Inoltre si è molto puntato sulla completa digitalizzazione della PA, e finché questo non avverrà, la partenza del nuovo Codice sarà zoppicante.

A prescindere da tale considerazione, però, va posta l’attenzione su di una novità senz’altro interessante. Una delle innovazioni più significative è il Capo I del Codice dedicato ai Principi, indicati in apertura del nuovo Testo. Tra questi, oltre al principio della fiducia e a quello di accesso al mercato, assume rilievo di forte novità quello che fissa il c.d. «principio del risultato».

Il Legislatore ha voluto, dunque, porre subito, all’art.1, la regola interpretativa fondamentale con cui le norme devono essere lette, nel senso che scopo primario è realizzare l’opera o il servizio desinato alla collettività.

E da qui discende la precisa richiesta per far sì che gli sforzi degli operatori della P.A. siano concentrati sul risultato, che poi è l’opera o il servizio pubblico che deve essere concretizzato in modo possibilmente tempestivo, efficiente e trasparente. Non può negarsi che si tratta di un dato molto rilevante, sia per la tecnica legislativa, sia per le conseguenze sul piano interpretativo di tutto l’impianto del Codice. Del resto il nuovo Codice dei contratti è una delle condizioni del PNRR, cioè l’Europa ha chiesto all’Italia di riformare il settore condizionando a questo l’erogazione di importanti finanziamenti.

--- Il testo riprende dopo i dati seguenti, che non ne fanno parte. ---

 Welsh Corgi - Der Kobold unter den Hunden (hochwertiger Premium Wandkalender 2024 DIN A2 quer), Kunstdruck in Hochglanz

Coerente con questa origine – e cioè di realizzare un sistema che favorisse gli investimenti per la collettività per ottenere l’esito concreto che è l’opera pubblica – si è ritenuto di indicare questo precipuo scopo come elemento caratterizzante. Non si tratta di una novità assoluta visto che lo stesso Codice ricorda come, nel settore dei contratti pubblici, il risultato è la sintesi del principio di buon andamento, di efficienza e di economicità fissato dall’art. 97 della Costituzione, oltre che in altre diverse norme, anche di origine comunitaria.

Ma gli effetti sono anche altri e sono indicati esplicitamente. La norma indicata, infatti, al comma quarto dello stesso articolo 1, dispone che sulla base del risultato andrà valutata l’attività del funzionario pubblico addetto alle varie fasi del contratto, di programmazione, progettazione, affidamento ed esecuzione dell’opera o del servizio. Il risultato sarà la pietra angolare anche per stabilire gli incentivi economici al personale delle PP.AA. , che saranno parametrati al “buon esito” finale dell’appalto. L’opera realizzata, la norma sul risultato come elemento per escludere o limitare eventuali colpe formali del funzionario, nasce anche dalla esigenza di trovare una soluzione a quella che viene da tempo nominata come “paura della firma”.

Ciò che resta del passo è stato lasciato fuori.